Perluasan Kantor BNNP Maluku Utara untuk Meningkatkan Upaya Pemberantasan Narkoba
BNNP Maluku Utara berencana membangun atau menambah sebanyak 7 kantor di berbagai kabupaten dan kota. Rencana ini disampaikan oleh Plt Kepala BNNP Maluku Utara, Kombes Pol Taryono Raharja, dalam sebuah rapat bersama yang dihadiri oleh beberapa pihak terkait.
Lokasi Pembangunan Kantor Baru
Dalam rapat yang digelar pada Jumat (22/8/2025), disebutkan bahwa lokasi pembangunan 7 kantor baru tersebut meliputi:
- Halmahera Timur
- Halmahera Barat
- Halmahera Tengah
- Kota Ternate
- Kepulauan Sula
- Halmahera Selatan
- Pulau Taliabu
Kombes Pol Taryono menyatakan bahwa rencana pembentukan kantor-kantor ini sejalan dengan Asta Cita Presiden RI Prabowo tentang pencegahan dan pemberantasan narkoba. Selain itu, juga sesuai dengan Permendagri nomor 12 tahun 2019 mengenai fasilitasi pencegahan penyalahgunaan narkoba. Hal ini menjadi dasar bagi pemerintah provinsi maupun kabupaten/kota untuk memperkuat kinerja BNNP saat ini.
Saat ini, hanya ada 3 BNNK di Maluku Utara, yaitu di Halmahera Utara, Morotai, dan Tidore. Sementara 7 lainnya belum terbentuk. Dengan adanya penambahan kantor ini, diharapkan dapat meningkatkan efektivitas program pencegahan dan pemberantasan narkoba di wilayah ini.

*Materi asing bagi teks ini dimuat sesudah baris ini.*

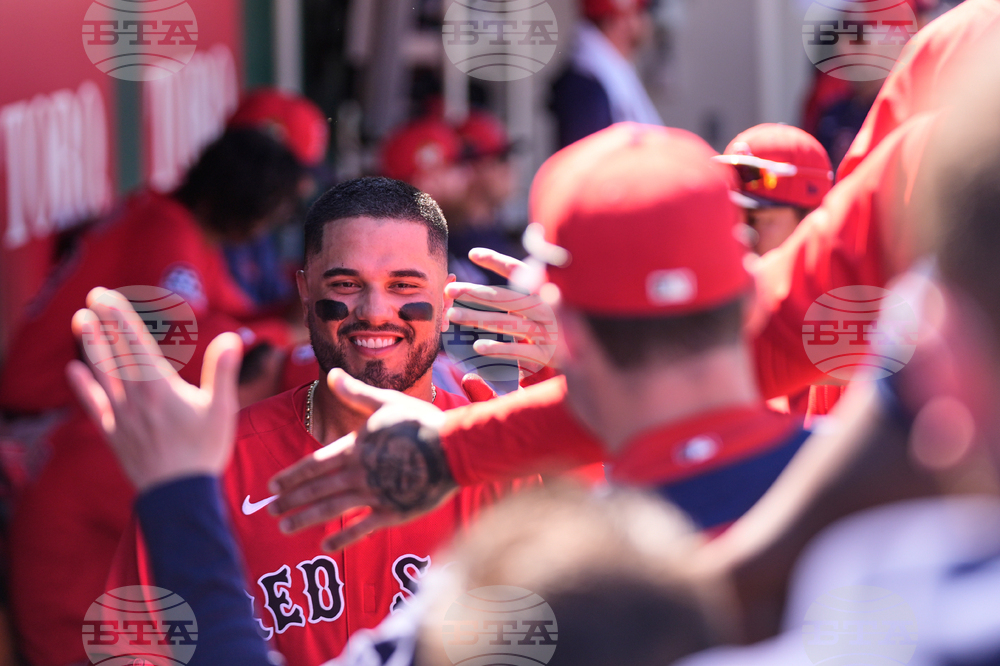 Red Sox Twins Spring Baseball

Peran Pemerintah Daerah dalam Program P4GN
Maluku Utara dikenal sebagai area transit dan tujuan peredaran narkoba. Oleh karena itu, komitmen para calon kepala daerah untuk menjalankan program P4GN sangat penting. Hal ini bahkan telah diwujudkan melalui tes urine selama Pilkada 2024.
Nirwan MT Ali, Kepala Inspektorat Maluku Utara, memberikan penekanan tentang mekanisme pembentukan instansi vertikal seperti BNN. Ia menekankan bahwa jumlah pengguna narkoba yang cukup signifikan memerlukan langkah-langkah konkret dari pemerintah daerah.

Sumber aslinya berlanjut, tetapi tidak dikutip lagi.